ANCONA – Il caro prezzi di benzina e diesel, oltre ad esasperare gli automobilisti, provoca la rabbia dei benzinai che erano arrivati a minacciare lo sciopero per il 25 e 26 gennaio, poi ‘congelato’ in seguito al colloquio con il governo.
I prezzi alla pompa hanno ripreso a salire da inizio anno, dopo l’eliminazione degli sconti sulle accise introdotti dal governo Draghi. Se qualcuno ha puntato il dito sulla speculazione dei prezzi per motivare i rincari, i sindacati dei benzinai rispediscono al mittente le accuse, incluse quelle delle associazioni dei consumatori, che, a livello nazionale, avevano rilevato dei casi limite di rincari fino a quasi a 2,5 euro al litro, tanto che anche la Guardia di finanza e l’Antitrust si sono mosse per delle verifiche, estese anche alla rete di brokeraggio che si trova a monte delle stazioni di rifornimento.
A replicare alle accuse è Ippoliti Massimo, rappresentante Figisc, la Federazione Italiana Gestori Impianti Stradali carburante di Confcommercio: «Siccome siamo noi benzinai i più piccoli e quelli più facilmente attaccabili, ci stanno massacrando – dichiara – e stanno dicendo che siamo noi che teniamo i prezzi alti, invece non è vero». E per fare chiarezza Ippoliti fornisce una serie di dati. «Prima del 31 dicembre i prezzi erano scesi – ricorda – , ma in seguito a questo calo non c’era più quell’esubero di Iva che c’era quando il governo Draghi aveva tolto i 30 centesimi. Da gennaio, con la diminuzione dell’Iva, lo Stato è stato costretto, per avere gli incassi che gli servivano, ad aumentare, e quindi i 30 centesimi di sconto non c’erano più.
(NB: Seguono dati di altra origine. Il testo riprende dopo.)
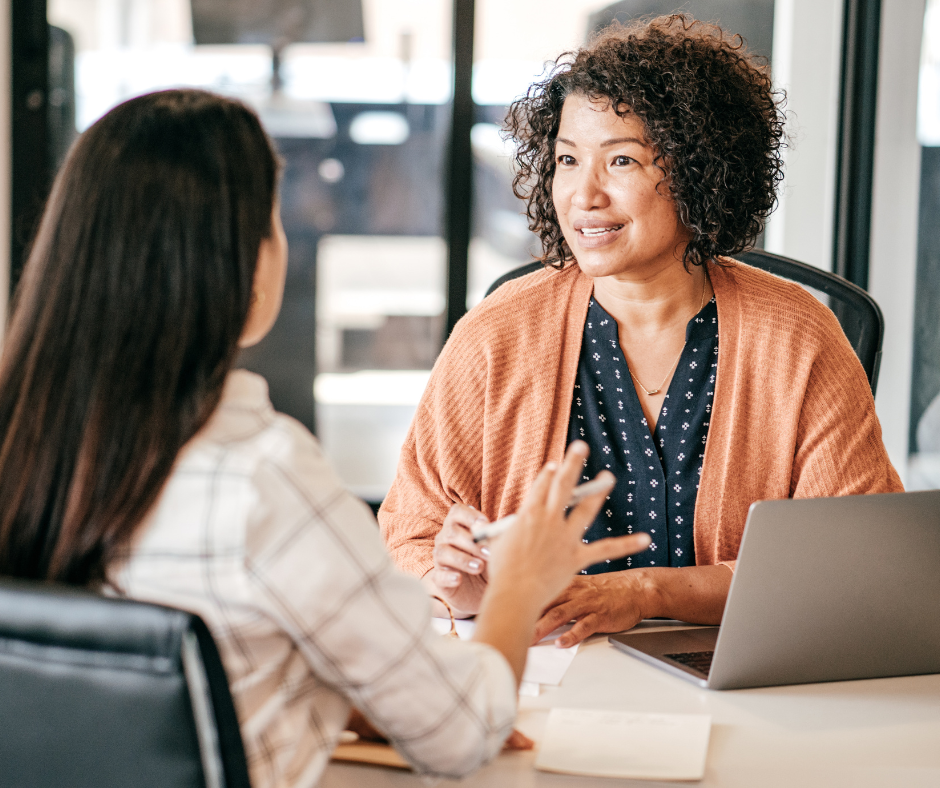 Two women sit across a desk from each other in an office, engaged in a conversation. One woman is holding a pen and notepad, while the other listens attentively with a laptop open in front of her.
Da quel momento però – evidenzia – i prezzi sono scesi di nuovo».
Il rappresentante Figisc spiega che «i prezzi sono variabili tra compagnia e compagnia, ma anche all’interno della stessa compagnia, per cui può essere che anche nella stessa zona la stessa compagnia possa applicare prezzi diversi. Questo può accadere perché magari vicino a quell’impianto c’è una pompa ‘bianca’ (che non appartiene alle grandi compagnie petrolifere, ndr) e quindi è costretta ad abbassare il prezzo: è una legge di mercato – osserva -, è un po’ come avviene al supermercato dove la stessa pasta può avere prezzi diversi» un fatto che oltre che dalla concorrenzialità può dipendere «anche dal fornitore».
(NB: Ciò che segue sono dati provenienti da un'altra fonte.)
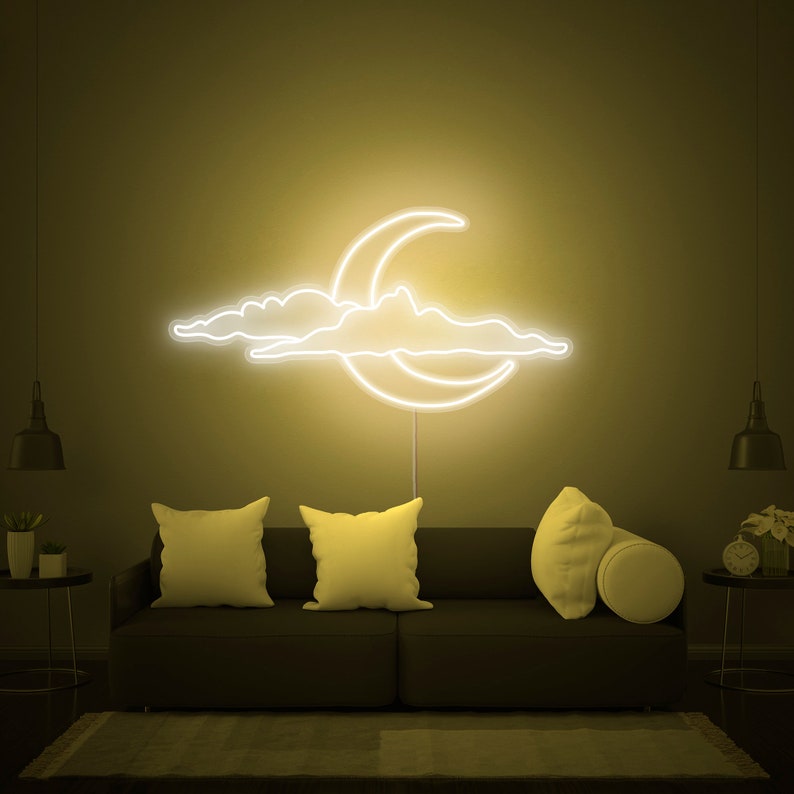 Cloud and Moon LED neon sign by Neon.Shop glowing on a wall as soft and dreamy celestial décor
Ippoliti sottolinea: «I 30 centesimi che aveva tolto il governo Draghi, in realtà li aveva tolti a noi benzinai, perché ci siamo trovati a dover vendere a 30 centesimi in meno, ma le accise a noi non le hanno rimborsate. Il mese di marzo e quello di aprile non ho preso lo stipendio, perché con i nostri 3 centesimi di margine al self e 5 al servito, avendo avuto una diminuzione su 8mila litri, in pratica ho avuto una perdita dal mio margine di 2.400 euro, che nessuno mi ha rimborsato».
E anche adesso che il taglio delle accise non c’è più e i prezzi sono tornati ad aumentare, dice, «non abbiamo recuperato nulla. La gente deve capire che noi benzinai con i nostri tre centesimi di margine non riusciamo a modificare i prezzi alla pompa, questi vengono modificati alla fonte. Non posso attaccare le compagnie – aggiunge – perché stanno applicando prezzi abbastanza ragionevoli».
E a tal riguardo porta un esempio pratico, quello del suo distributore, a San Biagio di Osimo. «Vendo la benzina a 1,689 euro al litro: 305 millesimi sono Iva, 728 millesimi sono accise, 656 millesimi è il costo del prodotto, partendo dal greggio e arrivando fino al mio margine come distributore, che sono l’ultimo della catena. Noi gestori siamo arrabbiati perché scaricano la colpa su di noi, ma che colpa possiamo avere con 3 centesimi? Si è parlato di benzina venduta alla pompa a 2,50 euro al litro, ma io questi prezzi non li vedo: nella mia zona negli impianti self non c’è nessuno che vende la benzina sopra 1,85 euro al litro».